Your point about only needing to keep echo delay below the level of
perception is well taken.  However, 100ms is 1/10 second, which I am
sure I would find quite noticeable (my terminal runs at 19,200 baud).
Taking a cue from motion pictures, I would assume that 1/30 second is
the order of magnitude of the level of perception, but I would want to
perform some experiments with different delays and lots of people to
make sure.

                           :: Jeff Makey

Department of Tautological Pleonasms and Superfluous Redundancies Department
    Disclaimer: Logicon doesn't even know we're running news.
    Internet: Makey@LOGICON.ARPA    UUCP: {nosc,ucsd}!logicon.arpa!Makey

rpw3@amdcad.AMD.COM (Rob Warnock) (04/25/89)

In article <421@logicon.arpa> Makey@LOGICON.ARPA (Jeff Makey) writes:
+---------------
| In article <25231@amdcad.AMD.COM> rpw3@amdcad.UUCP (Rob Warnock) writes:
| >But the echo delay doesn't need to be kept to a *minimum*, but only
| >well below the objectionable level to the human user.
| >I claim that 100ms for echo is not noticable to a user of a video display
| Your point about only needing to keep echo delay below the level of
| perception is well taken.  However, 100ms is 1/10 second, which I am
| sure I would find quite noticeable (my terminal runs at 19,200 baud).
+---------------

But you're only typing about 5 chars/sec.

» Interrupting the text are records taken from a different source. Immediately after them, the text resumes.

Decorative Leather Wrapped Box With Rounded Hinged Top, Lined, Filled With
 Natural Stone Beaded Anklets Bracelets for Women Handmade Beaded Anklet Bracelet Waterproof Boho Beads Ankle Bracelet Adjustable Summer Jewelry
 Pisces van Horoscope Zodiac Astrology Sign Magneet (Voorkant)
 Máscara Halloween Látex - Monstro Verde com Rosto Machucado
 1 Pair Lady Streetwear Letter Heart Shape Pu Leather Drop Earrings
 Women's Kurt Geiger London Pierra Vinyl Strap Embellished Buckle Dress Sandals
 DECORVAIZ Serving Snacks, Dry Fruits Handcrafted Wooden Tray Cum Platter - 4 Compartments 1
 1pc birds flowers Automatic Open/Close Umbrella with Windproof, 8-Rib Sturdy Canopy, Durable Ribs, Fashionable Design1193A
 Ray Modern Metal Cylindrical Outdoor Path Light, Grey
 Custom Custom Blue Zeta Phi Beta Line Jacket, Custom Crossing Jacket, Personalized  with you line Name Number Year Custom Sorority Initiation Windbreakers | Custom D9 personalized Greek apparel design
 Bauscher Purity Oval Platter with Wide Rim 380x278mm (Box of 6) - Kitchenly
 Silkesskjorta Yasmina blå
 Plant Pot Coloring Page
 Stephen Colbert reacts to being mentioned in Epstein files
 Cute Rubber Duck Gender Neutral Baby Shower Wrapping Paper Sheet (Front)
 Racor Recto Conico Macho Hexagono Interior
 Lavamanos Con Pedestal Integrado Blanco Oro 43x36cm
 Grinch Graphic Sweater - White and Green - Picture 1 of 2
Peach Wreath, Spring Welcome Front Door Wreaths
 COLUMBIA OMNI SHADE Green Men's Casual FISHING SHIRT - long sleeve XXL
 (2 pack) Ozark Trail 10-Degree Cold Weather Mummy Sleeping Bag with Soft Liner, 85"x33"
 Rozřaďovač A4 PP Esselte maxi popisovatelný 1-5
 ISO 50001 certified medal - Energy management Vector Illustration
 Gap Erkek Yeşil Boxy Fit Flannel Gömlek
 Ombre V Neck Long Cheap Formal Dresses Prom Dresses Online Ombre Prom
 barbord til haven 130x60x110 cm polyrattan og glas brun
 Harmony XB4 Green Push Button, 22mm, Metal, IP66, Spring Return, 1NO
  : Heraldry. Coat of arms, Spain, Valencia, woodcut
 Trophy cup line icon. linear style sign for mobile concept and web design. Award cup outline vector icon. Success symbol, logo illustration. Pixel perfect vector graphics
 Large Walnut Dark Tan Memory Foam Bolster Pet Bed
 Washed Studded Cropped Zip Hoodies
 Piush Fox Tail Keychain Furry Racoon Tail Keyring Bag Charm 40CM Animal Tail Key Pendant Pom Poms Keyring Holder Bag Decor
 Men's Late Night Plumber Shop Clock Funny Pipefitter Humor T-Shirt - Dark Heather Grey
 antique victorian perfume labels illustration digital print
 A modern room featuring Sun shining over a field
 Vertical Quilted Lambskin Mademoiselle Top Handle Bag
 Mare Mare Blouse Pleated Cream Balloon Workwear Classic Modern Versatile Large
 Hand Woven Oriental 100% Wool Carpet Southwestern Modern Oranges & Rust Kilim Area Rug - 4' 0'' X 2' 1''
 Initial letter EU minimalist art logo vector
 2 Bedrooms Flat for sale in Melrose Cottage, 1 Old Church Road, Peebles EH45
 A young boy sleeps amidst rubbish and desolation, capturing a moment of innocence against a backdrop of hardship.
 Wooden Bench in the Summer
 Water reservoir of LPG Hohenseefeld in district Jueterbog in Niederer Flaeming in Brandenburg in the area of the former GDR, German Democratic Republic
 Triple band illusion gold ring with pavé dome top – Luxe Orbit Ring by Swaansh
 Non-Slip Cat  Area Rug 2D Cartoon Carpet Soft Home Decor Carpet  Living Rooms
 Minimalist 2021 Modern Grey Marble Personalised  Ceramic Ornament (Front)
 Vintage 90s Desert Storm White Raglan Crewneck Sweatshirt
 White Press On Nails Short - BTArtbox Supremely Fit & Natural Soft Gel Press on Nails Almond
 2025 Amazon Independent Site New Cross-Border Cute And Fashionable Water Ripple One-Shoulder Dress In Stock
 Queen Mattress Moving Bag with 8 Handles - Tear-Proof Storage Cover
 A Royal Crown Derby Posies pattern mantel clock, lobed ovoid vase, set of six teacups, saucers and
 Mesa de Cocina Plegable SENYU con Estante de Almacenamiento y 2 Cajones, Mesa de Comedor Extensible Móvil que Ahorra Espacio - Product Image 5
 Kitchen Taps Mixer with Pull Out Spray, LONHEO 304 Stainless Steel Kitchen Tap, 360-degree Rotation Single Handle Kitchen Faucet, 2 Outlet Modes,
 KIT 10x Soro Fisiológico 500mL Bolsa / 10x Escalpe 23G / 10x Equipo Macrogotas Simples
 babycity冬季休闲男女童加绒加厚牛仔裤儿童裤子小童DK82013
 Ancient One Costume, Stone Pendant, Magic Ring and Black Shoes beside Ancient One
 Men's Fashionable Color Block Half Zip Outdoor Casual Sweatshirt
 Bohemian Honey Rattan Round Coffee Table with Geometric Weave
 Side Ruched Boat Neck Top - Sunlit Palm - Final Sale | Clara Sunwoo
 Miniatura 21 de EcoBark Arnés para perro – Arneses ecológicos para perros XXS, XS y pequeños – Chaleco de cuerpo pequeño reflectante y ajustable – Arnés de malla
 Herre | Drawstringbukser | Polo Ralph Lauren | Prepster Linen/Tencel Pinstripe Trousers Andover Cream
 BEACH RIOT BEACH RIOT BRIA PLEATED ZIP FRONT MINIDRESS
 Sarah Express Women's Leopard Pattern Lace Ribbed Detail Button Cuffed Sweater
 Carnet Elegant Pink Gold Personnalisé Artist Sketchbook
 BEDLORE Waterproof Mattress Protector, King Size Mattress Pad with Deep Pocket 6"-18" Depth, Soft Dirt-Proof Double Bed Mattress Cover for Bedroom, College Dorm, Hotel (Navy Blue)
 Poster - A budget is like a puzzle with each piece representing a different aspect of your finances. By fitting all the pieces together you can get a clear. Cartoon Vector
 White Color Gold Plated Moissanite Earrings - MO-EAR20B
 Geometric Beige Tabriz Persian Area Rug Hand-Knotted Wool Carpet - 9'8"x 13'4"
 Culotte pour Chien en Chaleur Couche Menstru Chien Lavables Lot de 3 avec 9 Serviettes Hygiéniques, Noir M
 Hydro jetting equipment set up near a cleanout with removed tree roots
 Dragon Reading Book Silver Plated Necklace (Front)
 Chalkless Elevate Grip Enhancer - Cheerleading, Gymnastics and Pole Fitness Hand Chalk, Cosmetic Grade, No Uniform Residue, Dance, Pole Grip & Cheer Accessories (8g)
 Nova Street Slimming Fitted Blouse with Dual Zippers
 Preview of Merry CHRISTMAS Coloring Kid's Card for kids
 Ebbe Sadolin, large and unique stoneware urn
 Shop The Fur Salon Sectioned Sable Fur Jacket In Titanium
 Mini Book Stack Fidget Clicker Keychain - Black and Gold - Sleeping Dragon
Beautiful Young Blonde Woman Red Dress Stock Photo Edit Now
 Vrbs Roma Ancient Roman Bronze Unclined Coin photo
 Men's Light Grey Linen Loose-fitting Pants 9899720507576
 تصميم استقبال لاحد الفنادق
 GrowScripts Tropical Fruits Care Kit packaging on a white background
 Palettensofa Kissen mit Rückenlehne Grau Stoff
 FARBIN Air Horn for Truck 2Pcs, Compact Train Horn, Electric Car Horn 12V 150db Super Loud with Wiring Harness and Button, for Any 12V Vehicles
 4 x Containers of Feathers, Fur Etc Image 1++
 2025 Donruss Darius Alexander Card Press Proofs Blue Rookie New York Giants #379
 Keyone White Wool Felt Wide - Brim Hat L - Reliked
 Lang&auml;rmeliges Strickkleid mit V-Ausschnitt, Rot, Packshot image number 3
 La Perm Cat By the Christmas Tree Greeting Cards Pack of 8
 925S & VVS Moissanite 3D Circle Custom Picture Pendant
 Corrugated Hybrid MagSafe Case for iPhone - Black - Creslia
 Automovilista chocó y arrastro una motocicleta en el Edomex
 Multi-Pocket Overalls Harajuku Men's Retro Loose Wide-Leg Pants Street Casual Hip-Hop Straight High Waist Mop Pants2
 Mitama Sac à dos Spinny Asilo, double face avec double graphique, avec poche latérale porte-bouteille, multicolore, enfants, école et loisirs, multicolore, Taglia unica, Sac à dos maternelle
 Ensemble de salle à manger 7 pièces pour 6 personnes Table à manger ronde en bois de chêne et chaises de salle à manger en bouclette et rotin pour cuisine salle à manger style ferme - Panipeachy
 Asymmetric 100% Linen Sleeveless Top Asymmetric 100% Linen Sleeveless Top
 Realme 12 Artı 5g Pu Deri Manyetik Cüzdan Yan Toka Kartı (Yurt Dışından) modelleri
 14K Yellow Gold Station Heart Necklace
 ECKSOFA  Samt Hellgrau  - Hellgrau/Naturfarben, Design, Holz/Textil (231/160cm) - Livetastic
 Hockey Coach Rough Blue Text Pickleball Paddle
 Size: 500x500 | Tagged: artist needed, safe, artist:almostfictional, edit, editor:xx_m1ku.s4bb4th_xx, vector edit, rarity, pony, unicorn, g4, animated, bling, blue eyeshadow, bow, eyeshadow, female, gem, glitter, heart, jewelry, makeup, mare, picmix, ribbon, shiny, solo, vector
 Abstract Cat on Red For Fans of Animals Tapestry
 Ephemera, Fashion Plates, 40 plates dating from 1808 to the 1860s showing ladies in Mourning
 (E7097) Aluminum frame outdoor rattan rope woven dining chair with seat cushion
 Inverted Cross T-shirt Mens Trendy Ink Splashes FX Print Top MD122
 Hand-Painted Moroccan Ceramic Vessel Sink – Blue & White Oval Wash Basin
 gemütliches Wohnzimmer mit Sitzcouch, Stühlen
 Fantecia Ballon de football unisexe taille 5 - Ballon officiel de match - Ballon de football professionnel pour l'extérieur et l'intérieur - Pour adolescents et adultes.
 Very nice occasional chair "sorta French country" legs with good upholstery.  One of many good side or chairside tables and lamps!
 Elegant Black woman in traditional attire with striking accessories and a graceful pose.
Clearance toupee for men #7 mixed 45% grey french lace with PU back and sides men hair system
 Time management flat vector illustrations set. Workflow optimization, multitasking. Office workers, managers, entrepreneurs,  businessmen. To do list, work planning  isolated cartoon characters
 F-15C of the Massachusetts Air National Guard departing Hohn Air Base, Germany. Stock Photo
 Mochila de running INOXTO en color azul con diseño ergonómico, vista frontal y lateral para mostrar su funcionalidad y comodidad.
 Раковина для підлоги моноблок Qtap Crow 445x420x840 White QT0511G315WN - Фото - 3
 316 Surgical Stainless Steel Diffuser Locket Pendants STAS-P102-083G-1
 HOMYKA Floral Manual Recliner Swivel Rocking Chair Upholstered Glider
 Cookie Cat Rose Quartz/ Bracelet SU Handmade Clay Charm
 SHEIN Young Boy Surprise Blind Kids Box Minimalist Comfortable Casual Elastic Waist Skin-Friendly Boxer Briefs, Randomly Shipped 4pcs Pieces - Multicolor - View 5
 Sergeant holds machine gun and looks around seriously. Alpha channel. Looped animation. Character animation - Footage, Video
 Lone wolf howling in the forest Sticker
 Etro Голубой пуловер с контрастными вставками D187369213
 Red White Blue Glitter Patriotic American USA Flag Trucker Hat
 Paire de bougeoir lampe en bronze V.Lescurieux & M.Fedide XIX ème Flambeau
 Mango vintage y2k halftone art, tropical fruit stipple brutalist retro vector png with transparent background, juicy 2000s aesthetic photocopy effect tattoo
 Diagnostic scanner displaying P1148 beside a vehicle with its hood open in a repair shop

What I'm saying is that the
hand-eye echo delay can be a large fraction (even >1) of the inter-keystroke
time before it becomes noticeable. The fact that you are using 9600, 19200,
or 56k baud is irrelevant.  [O.k. you're a touch-typist, and are doing
10 c/s... but touch-typists depend even *less* on visual feedback.]

+---------------
| Taking a cue from motion pictures, I would assume that 1/30 second is
| the order of magnitude of the level of perception, but I would want to
| perform some experiments with different delays and lots of people to
| make sure.  :: Jeff Makey
+---------------

Well, the analogy doesn't really apply.

1. We're not talking about merging a succession of frames into a seamless
   whole here ["eye-eye coordination", if you will], but [in the worst case]
   about maintaining hand-eye coordination between cursor keys and cursor
   location.

2. There is actually very little feedback from visual input back to the
   keyboarding process; the major feedbacks are (a) auditory -- you *hear*
   the keys being struck, and (b) tactile -- you *feel* the keys hitting
   bottom (or clicking or whatever). Compared to these two, the visual
   feedback (for most people) is quite minor, and is almost ignored.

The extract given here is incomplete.